INSTRUCTIONS FOR THE TASK
Each line from the one with "Maxbell Water Bottle" through the last line below must be written out exactly. Do not copy pictures.

MATERIAL FOR THE TASK
★ ★ ★ ★ ★ ★ ★

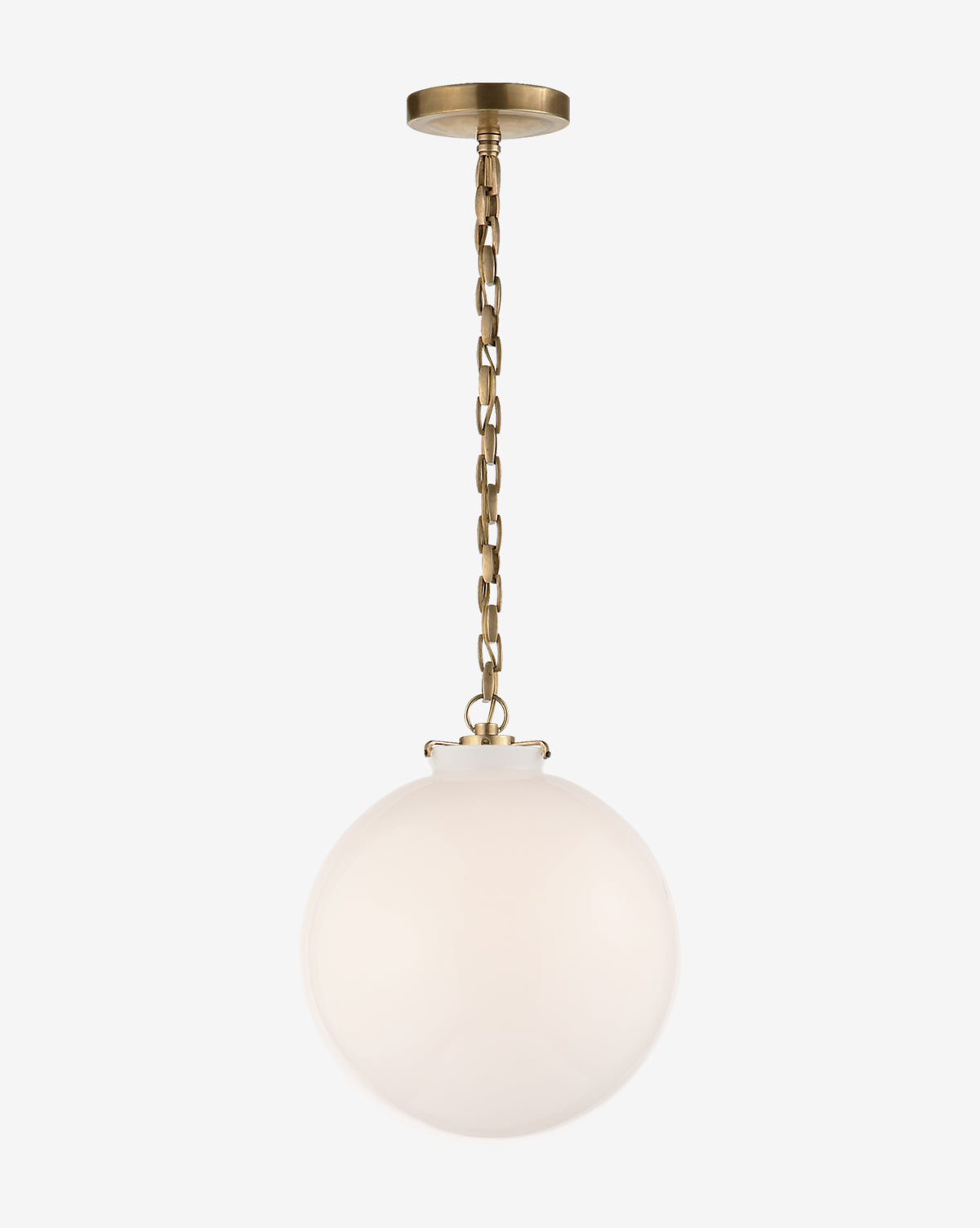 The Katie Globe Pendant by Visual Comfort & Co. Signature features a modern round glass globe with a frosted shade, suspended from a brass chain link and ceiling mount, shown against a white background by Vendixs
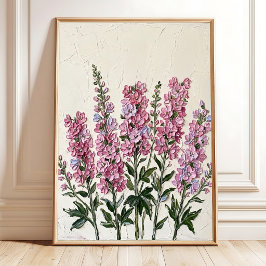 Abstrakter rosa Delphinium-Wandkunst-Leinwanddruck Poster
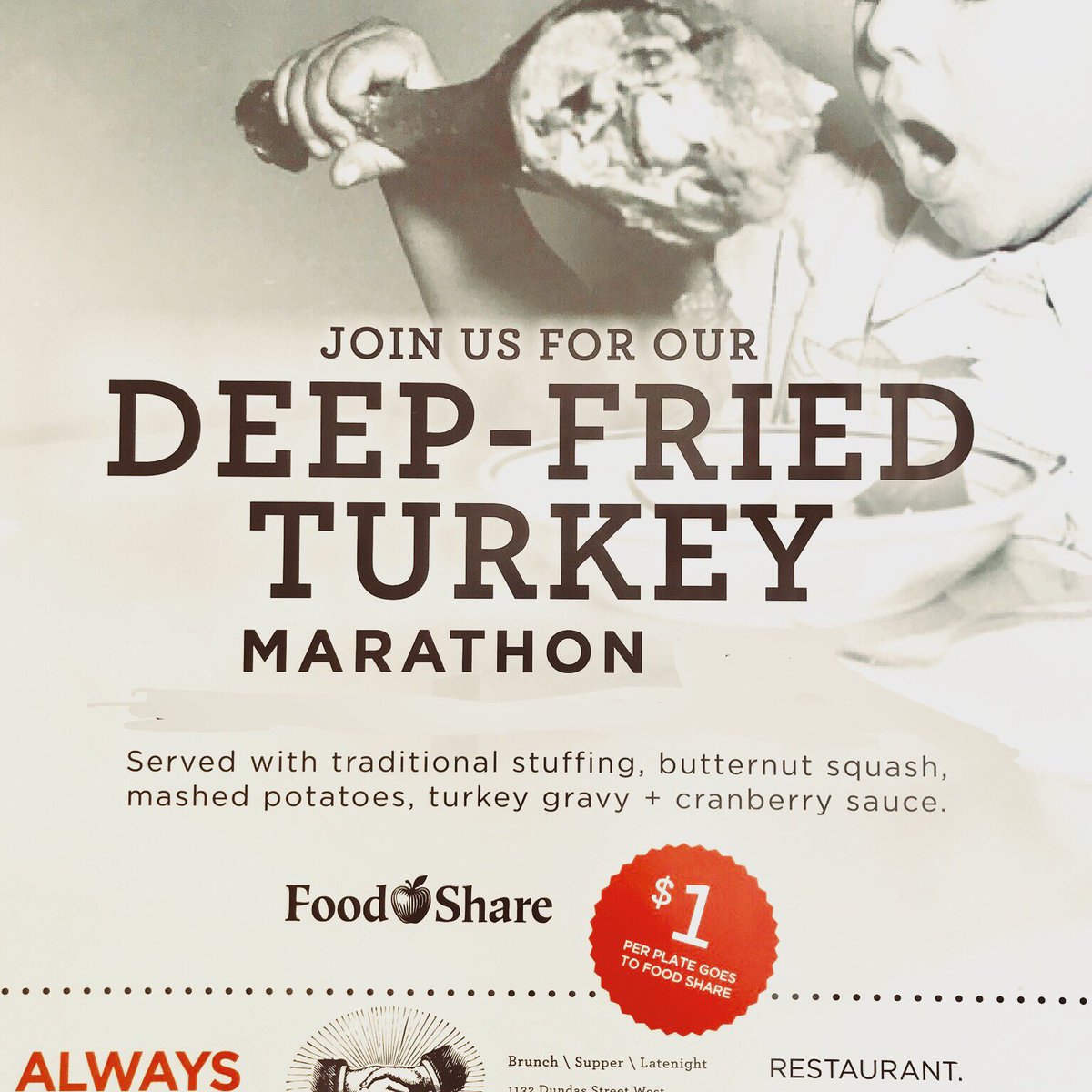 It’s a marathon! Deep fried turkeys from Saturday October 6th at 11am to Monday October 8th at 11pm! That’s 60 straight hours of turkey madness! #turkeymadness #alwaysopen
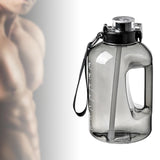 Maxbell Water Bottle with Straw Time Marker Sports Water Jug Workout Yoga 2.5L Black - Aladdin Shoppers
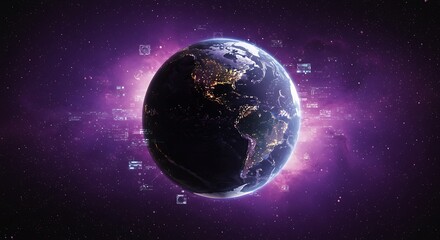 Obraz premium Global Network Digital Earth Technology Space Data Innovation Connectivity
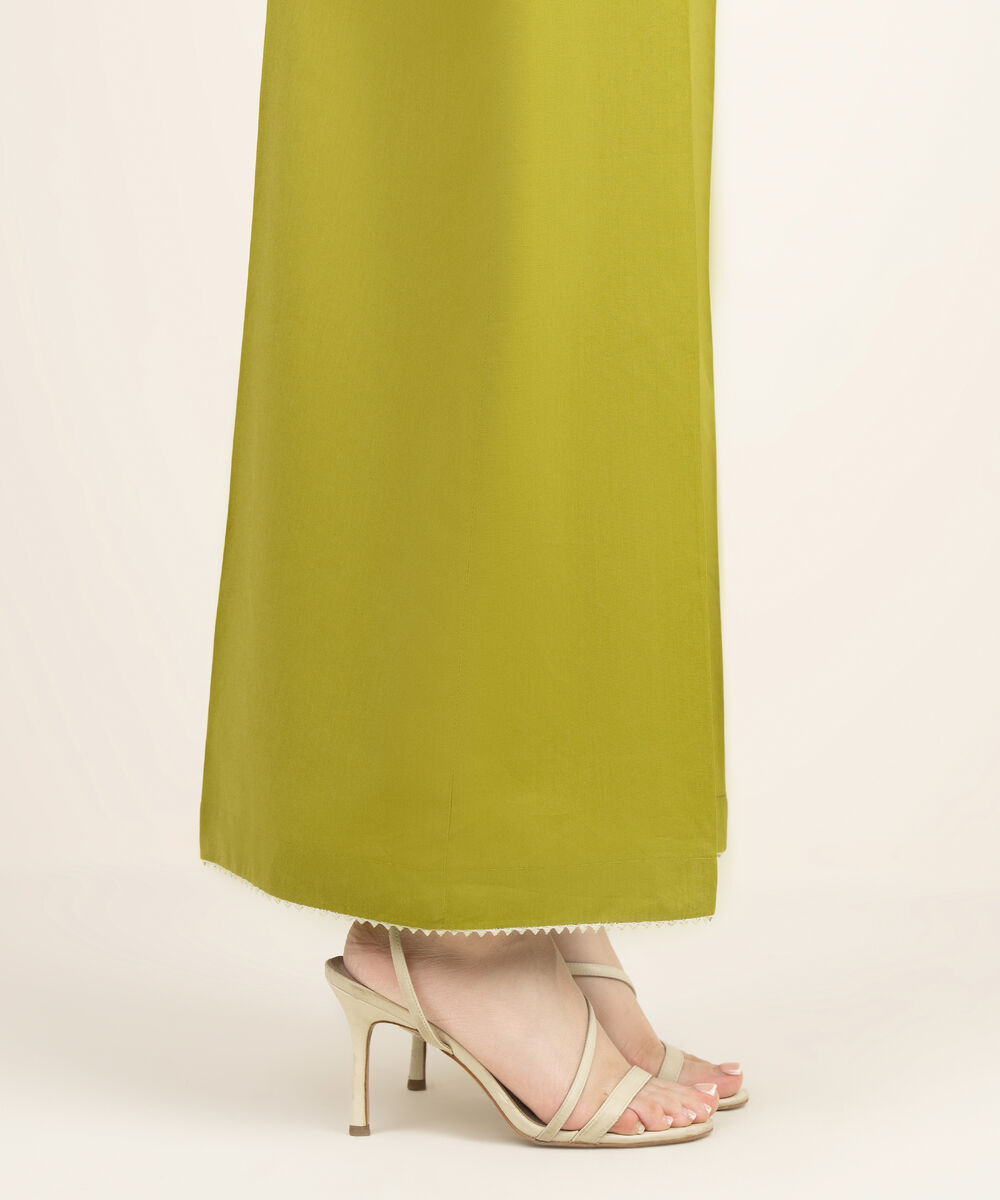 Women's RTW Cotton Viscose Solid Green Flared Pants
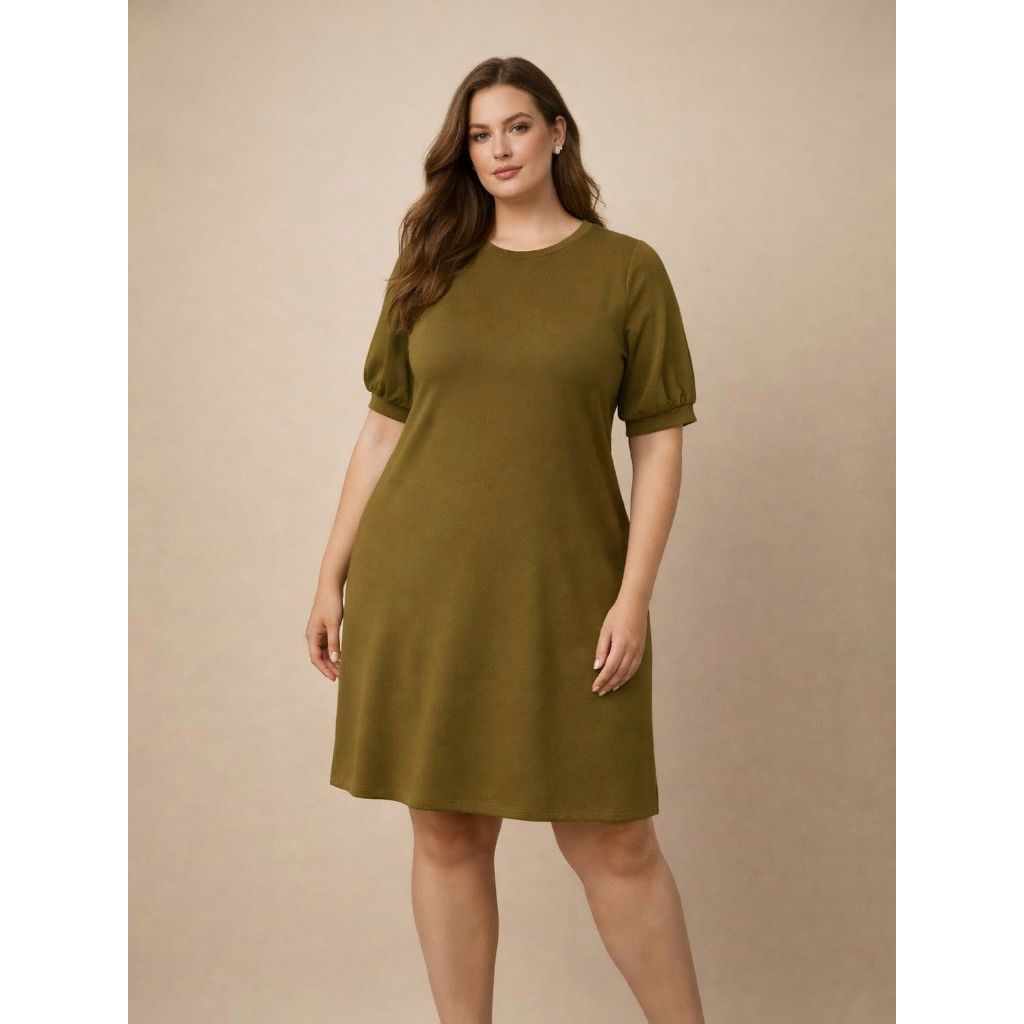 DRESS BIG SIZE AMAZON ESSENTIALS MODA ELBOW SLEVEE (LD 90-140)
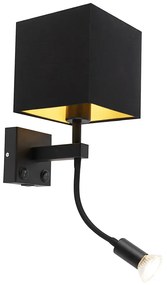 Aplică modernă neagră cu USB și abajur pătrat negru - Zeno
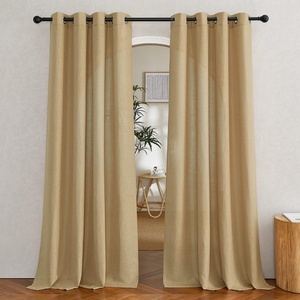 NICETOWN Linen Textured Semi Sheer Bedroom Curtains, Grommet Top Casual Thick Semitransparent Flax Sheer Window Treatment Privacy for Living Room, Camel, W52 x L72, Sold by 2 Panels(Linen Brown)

★ ★ ★ ★ ★ ★ ★

RESULT BELOW
 Maxbell Water Bottle with Straw Time Marker Sports Water Jug Workout Yoga 2.5L Black - Aladdin Shoppers
 Obraz premium Global Network Digital Earth Technology Space Data Innovation Connectivity
 Women's RTW Cotton Viscose Solid Green Flared Pants
 DRESS BIG SIZE AMAZON ESSENTIALS MODA ELBOW SLEVEE (LD 90-140)
 Aplică modernă neagră cu USB și abajur pătrat negru - Zeno
 NICETOWN Linen Textured Semi Sheer Bedroom Curtains, Grommet Top Casual Thick Semitransparent Flax Sheer Window Treatment Privacy for Living Room, Camel, W52 x L72, Sold by 2 Panels(Linen Brown)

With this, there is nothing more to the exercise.